RomCro, the Parallel Corpus of Romance Languages and Croatian was constructed at the Department of Romance Languages and Literatures of the Faculty of Humanities and Social Sciences, University of Zagreb. The corpus unites five Romance languages (French, Italian, Portuguese, Romanian, Spanish) and Croatian language. It consists of literary texts from the 20th and 21st centuries. The corpus consists of the original sentences aligned with their translational equivalents in remaining five languages. The original order of sentences is scrambled.

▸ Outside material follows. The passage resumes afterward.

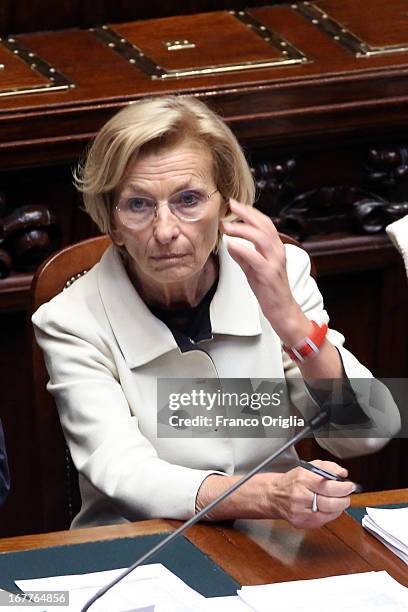 New Foreign Minister Emma Bonino attends the confidence vote at the Chamber of Deputies on April 29, 2013 in Rome, Italy. The new coalition...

The corpus size is 15.9 million words (15,861,605) and the distribution by languages is as follows: French 2.9 Mw (2,971,267), Italian 2.5 Mw (2,585,828), Portuguese 2.5 Mw (2,551,968), Romanian 2.6 Mw (2,647,311), Spanish 2.7 Mw (2,700,742), and Croatian 2.4 Mw (2,551,968). Total number of TUs is 142,470. In order to enable the usage of this corpus for different purposes, we provide it in two different formats: TMX and TSV. In both formats, the order of languages is Spanish (es), French (fr), Italian (it), Portuguese (pt), Romanian (ro), Croatian (hr). The TMX and the TSV files also contain notes about the original language, writer, and the title of the text the segment is from.